Let's Trade Fixing Ourselves for Accepting Ourselves

This past year, I've felt a lot like a souped-up Ferrari with a banana in my tailpipe (or what I imagine one might feel like, that is). 

I've been up to my curly locks in content, ideas popping like goosebumps, but translation has felt like untangling a raccoon caught in barbed wire.  

So, I did what any reasonable person would do—I tried to fix myself. Naturally, the situation called for more meditation. 

I decided to take my walks in silence rather than blab on the phone, multitasking, or listening to books and podcasts.
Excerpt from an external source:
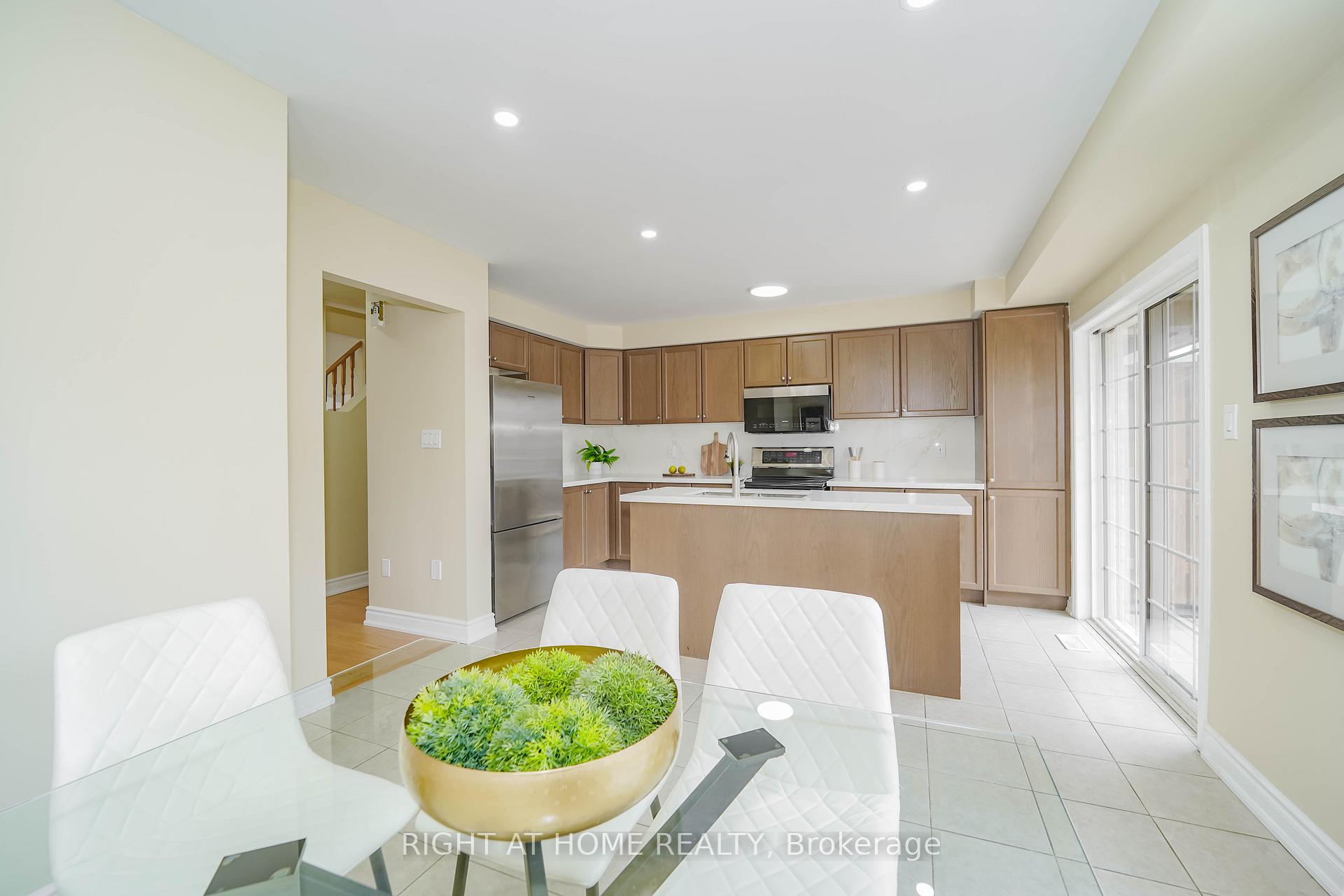 Photo 25 of 97 Ainley Road, Ajax, Central East — HOMEH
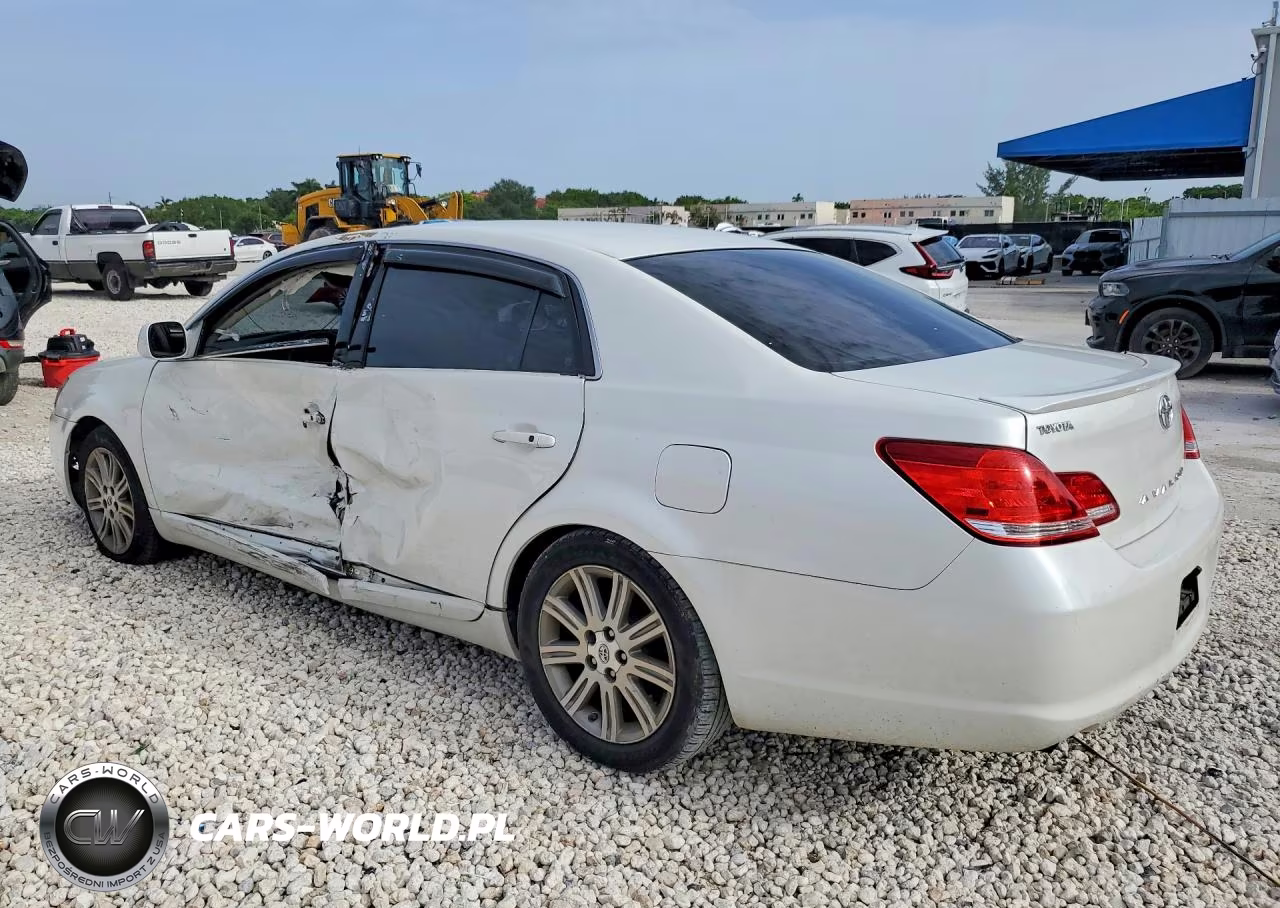 TOYOTA AVALON XL VIN:4T1BK36BX7U238322 - 2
In other words, my ill-guided ego felt that a flood of clarity and brilliance would release if I demanded my scattered part be present instead of…well, scattered.

It was like shaming a leopard for wearing spots two days in a row.

Invariably, I'd catapult into my week, booked solid, kicking myself for squandering the only free day I had that week to “produce.”

Here's what I've learned (and you likely may not like to hear): our personality parts don't go anywhere. 

My scattered part, your anxious part, the part of any of us that second-guesses everything? With us to stay. We came in with them, we're going out with them.

 Trying to eliminate that part of myself was merely my mind's grand scheme to mute a part of me it thinks we need to hate.

So what if my scattered part likes a good gab or binge-watching Netflix gossipy documentaries? Let Her!! 

In fact, when I do so without judgment, she settles down, allowing more productive parts to come online.

Think of your egoic parts like toddlers. Don't try to reason with them mid-meltdown. Let them have their emotions (and maybe a snack), and they'll stop putting gum in your hair and start to play nice.

Your perfectionist part isn't trying to torture you; he's trying to make sure you don't put junk out into the world. Your insecure part is trying to make sure you don't get hurt. So why not show some respect?